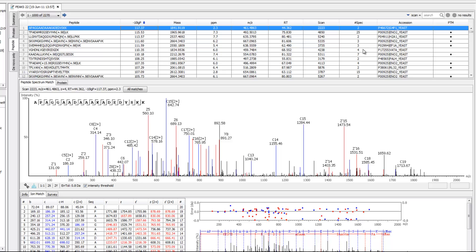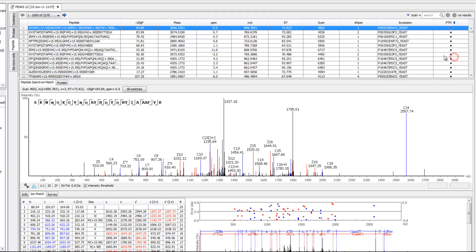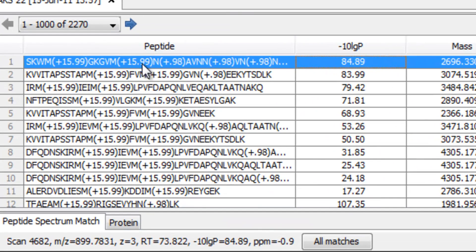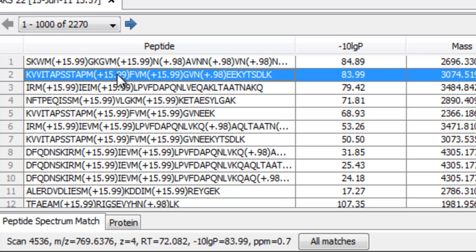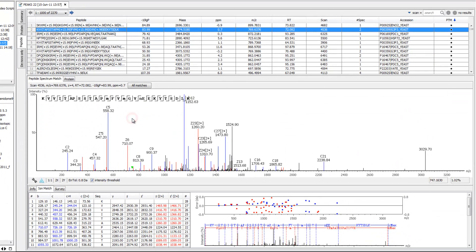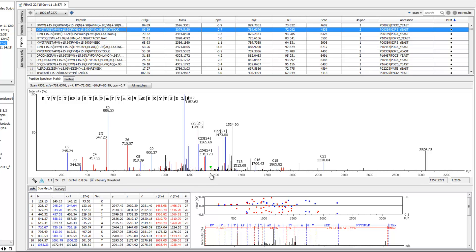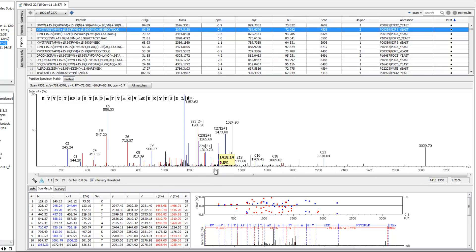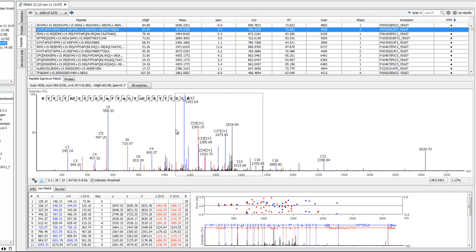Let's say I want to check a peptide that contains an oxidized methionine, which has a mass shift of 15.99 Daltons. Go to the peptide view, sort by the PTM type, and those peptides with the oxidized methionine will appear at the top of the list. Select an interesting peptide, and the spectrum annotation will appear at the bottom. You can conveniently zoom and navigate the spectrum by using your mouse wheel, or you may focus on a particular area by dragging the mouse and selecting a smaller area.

---

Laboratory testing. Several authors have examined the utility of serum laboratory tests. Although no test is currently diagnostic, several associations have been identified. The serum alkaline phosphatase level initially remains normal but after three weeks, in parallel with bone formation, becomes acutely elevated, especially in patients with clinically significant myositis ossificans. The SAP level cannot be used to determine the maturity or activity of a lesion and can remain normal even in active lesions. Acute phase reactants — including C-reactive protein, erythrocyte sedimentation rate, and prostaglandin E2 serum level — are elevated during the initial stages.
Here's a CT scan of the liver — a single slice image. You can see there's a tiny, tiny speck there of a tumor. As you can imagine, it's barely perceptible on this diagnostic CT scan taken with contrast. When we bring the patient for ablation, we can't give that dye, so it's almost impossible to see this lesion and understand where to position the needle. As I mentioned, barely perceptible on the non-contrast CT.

==

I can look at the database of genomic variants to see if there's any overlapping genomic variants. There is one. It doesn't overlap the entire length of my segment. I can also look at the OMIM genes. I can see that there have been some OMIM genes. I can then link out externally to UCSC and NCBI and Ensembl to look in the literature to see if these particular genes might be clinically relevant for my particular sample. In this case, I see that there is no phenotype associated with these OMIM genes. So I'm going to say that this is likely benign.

EXERCISE PROMPT
Show each line of the listing that holds the string "lesion".

RESULT BELOW
Laboratory testing. Several authors have examined the utility of serum laboratory tests. Although no test is currently diagnostic, several associations have been identified. The serum alkaline phosphatase level initially remains normal but after three weeks, in parallel with bone formation, becomes acutely elevated, especially in patients with clinically significant myositis ossificans. The SAP level cannot be used to determine the maturity or activity of a lesion and can remain normal even in active lesions. Acute phase reactants — including C-reactive protein, erythrocyte sedimentation rate, and prostaglandin E2 serum level — are elevated during the initial stages.
Here's a CT scan of the liver — a single slice image. You can see there's a tiny, tiny speck there of a tumor. As you can imagine, it's barely perceptible on this diagnostic CT scan taken with contrast. When we bring the patient for ablation, we can't give that dye, so it's almost impossible to see this lesion and understand where to position the needle. As I mentioned, barely perceptible on the non-contrast CT.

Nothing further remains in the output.